Located in Tuy Loan Village, Hoa Phong Commune, Hoa Vang District, this communal house was built in the late eighteenth century and rebuilt in the year of Mau Ty (1988). Like those in Nai Nam and Bo Ban, Tuy Loan Communal House is used to worship the village gods and the bygone sages.
On the 9th day of the first lunar month every year, people of Dong and Tay Hamlets in Tuy Loan Village, and also visitors, gather together to organise the two-day traditional village festival. The festival features the King’s honour ceremony (le sac phong) to remind people of their five ancestors, Đặng, Lâm, Nguyễn, Trần, and Lê. These people obeyed King Le Thanh Ton’s order to travel to the southern region to expand the country, and selected fertile land for a settlement. They named their village “Tuy Loan”.
Tuy Loan Communal House covers an area of 110 square metres and has brick walls with a pantile roof. It is decorated with two dragons flanking a moon and flying dragons, all encrusted with shards of pottery. The interior is in three sections and there are two lean-tos, the rear one being 2.4 metres wide and 2.7 metres long. It has four rows of jackfruit wood pillars, each of which has six pillars from 2.5 to 4.5 metres high. The pillars against the walls are carved with stylised floral designs, and their bases are decorated with pumpkin shapes. At the two sides, the roof beams are each decorated with a dragon’s head, and the tie beams have floating clouds, daisies and peonies reflecting their artistic value. The house still preserves 20 honour decrees dating from King Minh Mang’s reign (1826) to King Khai Dinh’s reign (1924).
Each year, two ceremonies are held at this communal house. One is held on the 14th and 15th days of the second lunar month to welcome spring, and the other is on the 14th and 15th days of the eighth lunar month to welcome autumn. Gala activities, including many funny traditional games such as pushing sticks, arm wrestling, and tug of war, take place in front of the communal house. Tuy Loan is famous for its “banh trang” (rice paper/rice cracker), and therefore “banh trang” making competitions are a main feature of this festival. Dong and Tay Hamlets choose the most skilled girls to join in the competition to bring pride to their hamlet and contribute to honouring the village’s traditional skill.
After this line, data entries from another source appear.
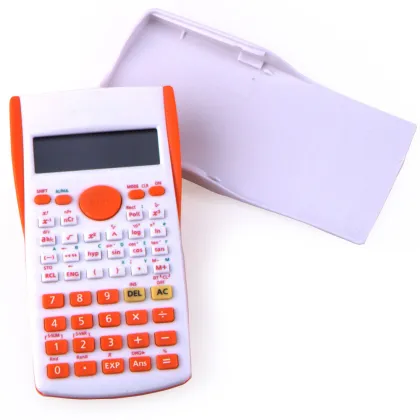 240 Functions Scientific Calculator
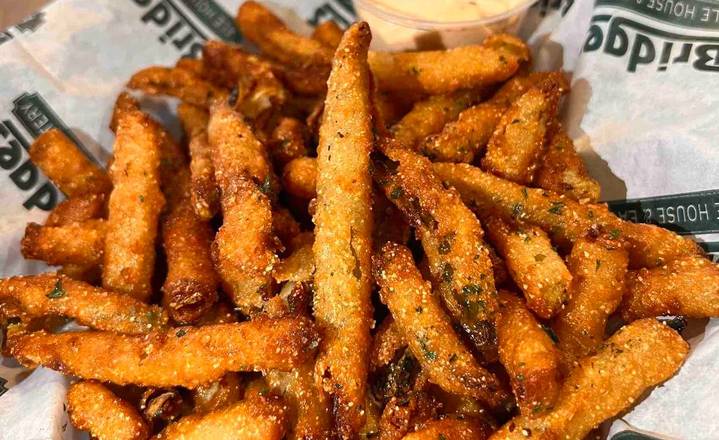 Pickle Fries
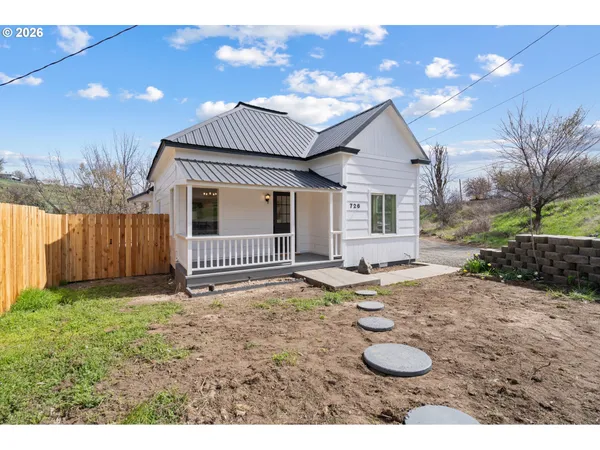 $299,000 | 726 Southwest 22nd Street, Pendleton, OR 97801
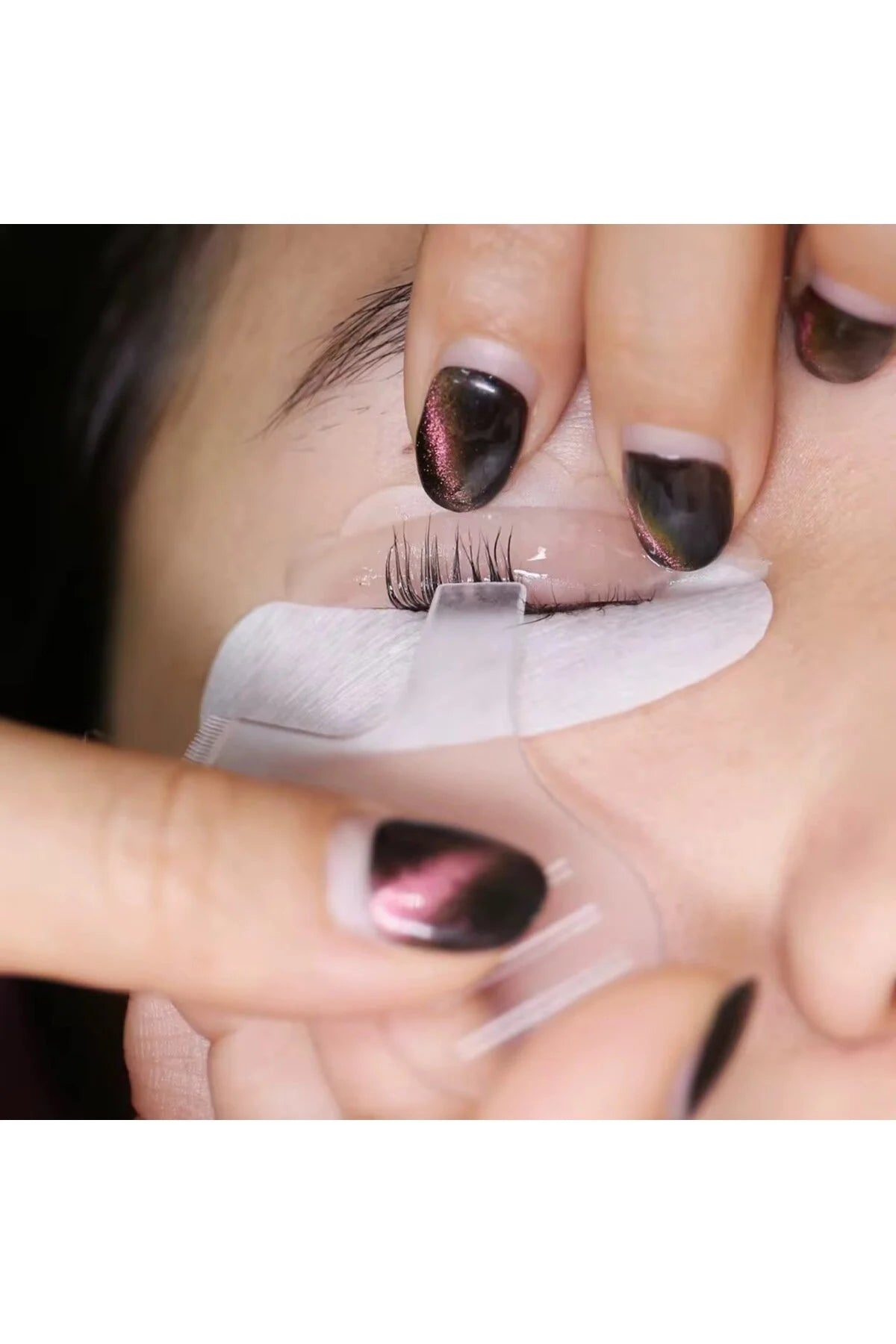 Kirpik Lifting Aparatı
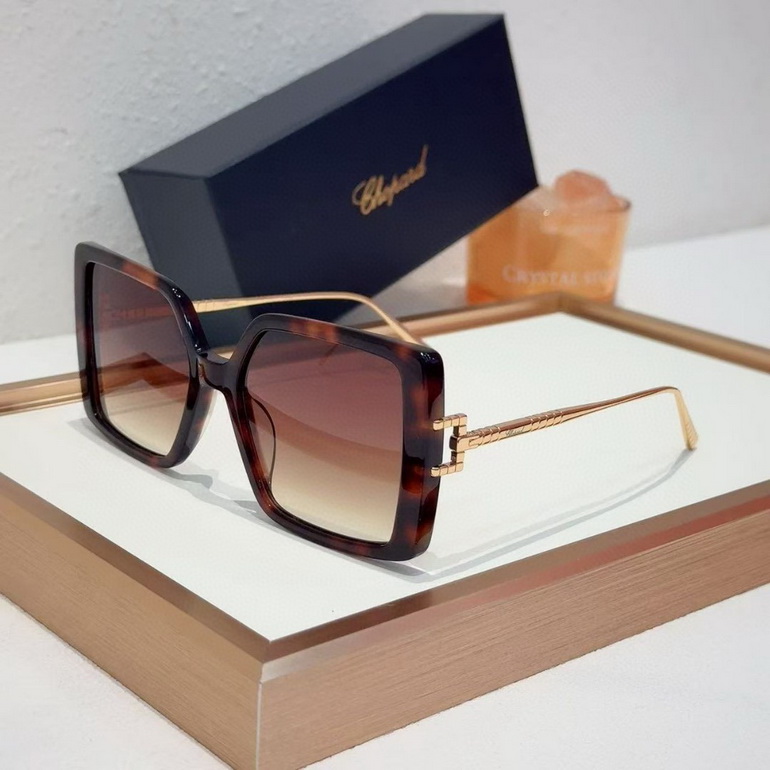 CHOPARD Sunglasses(AAAA)-1233
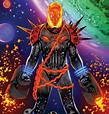 Cosmic Ghost Rider (Character) - Comic Vine
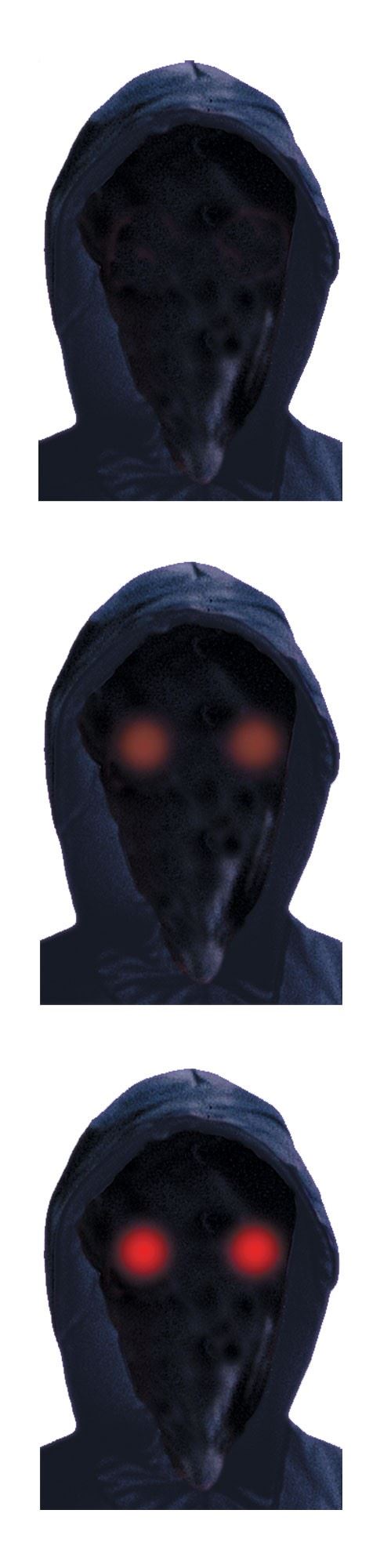 Fade In Fade Out Unknown Phantom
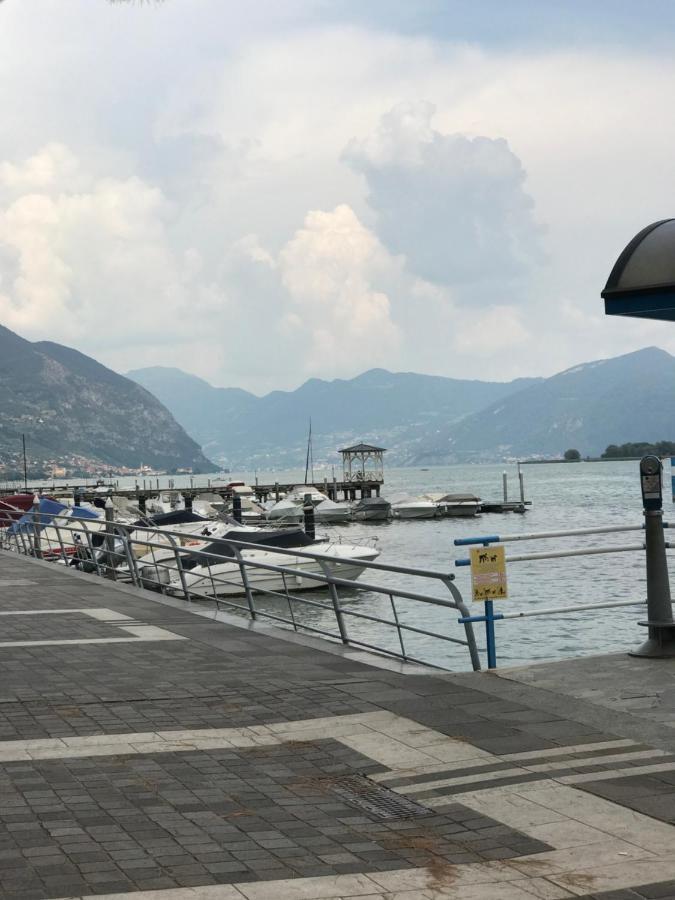 B&B Margherita Villongo SantʼAlessandro エクステリア 写真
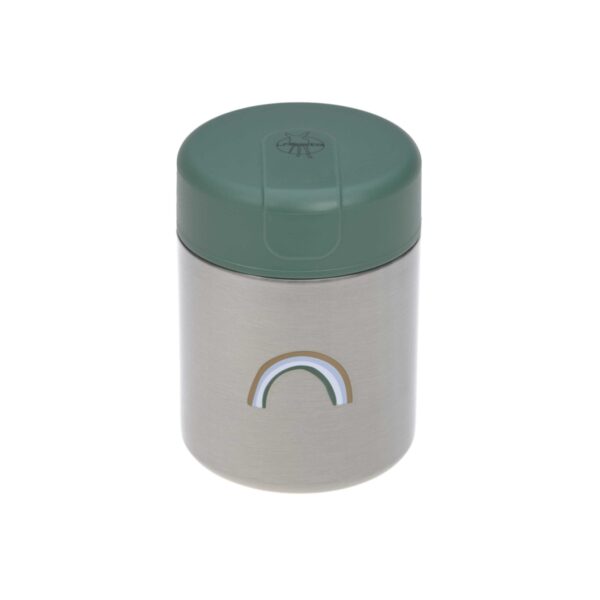 Thermos voedselcontainer Happy Rascals (Smile Green)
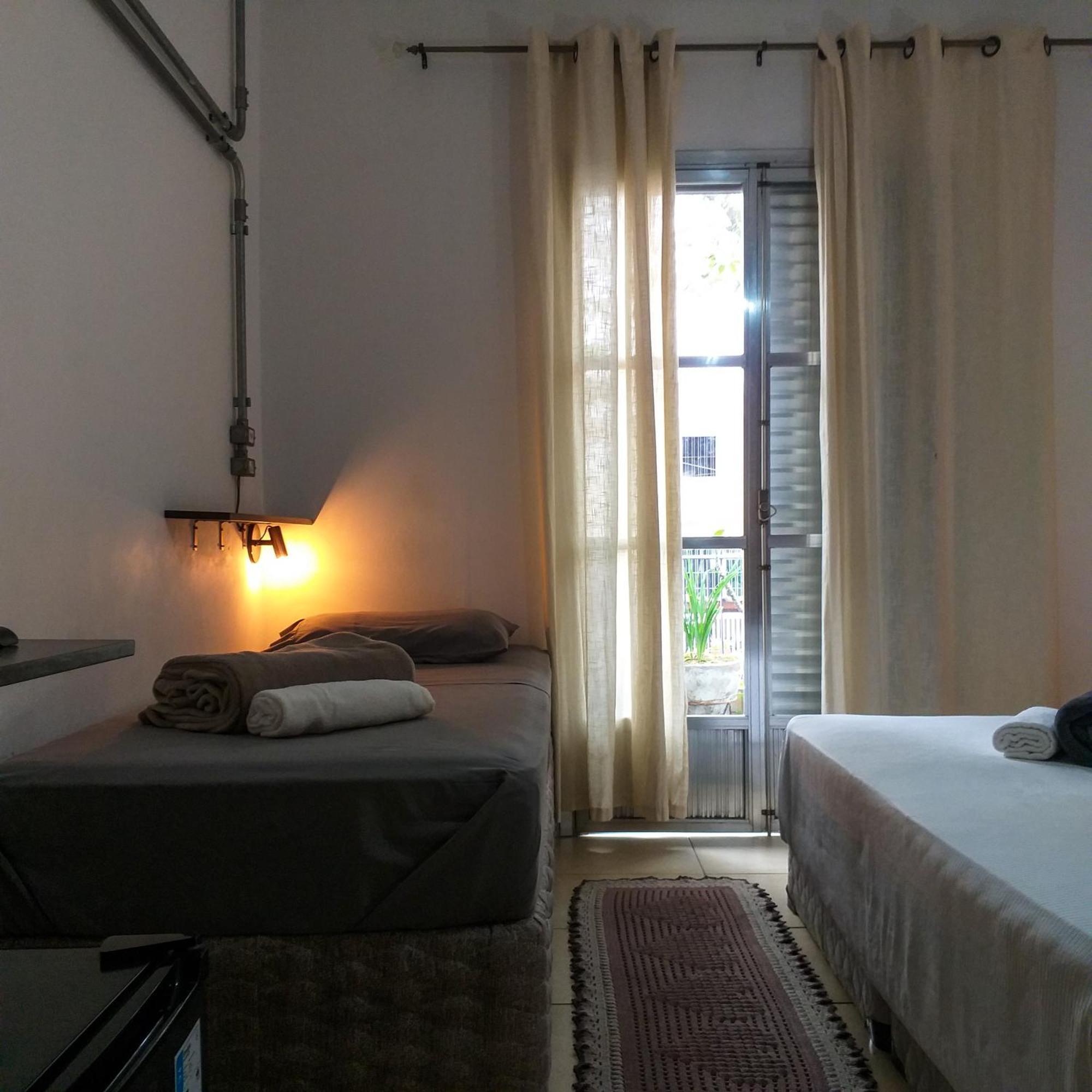Hostel Micasa - Congonhas *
In the anti-French resistance war, Tuy Loan Communal House was a place where local people, and those in the neighbouring villages of Bo Ban and Cam Toai, held a demonstration and usurped the power of the district chief of Hoa Vang in August 1945.
In the anti-American resistance war (1957-1975), the puppet government of Ngo Dinh Diem made this house a place for betraying and executing communists. Accordingly, it was a place where the local people rose to oppose the Americans and the Diem government.
Tuy Loan Communal House was recognised as a historical and cultural relic by the Ministry of Culture and Communication on 4 January 1999.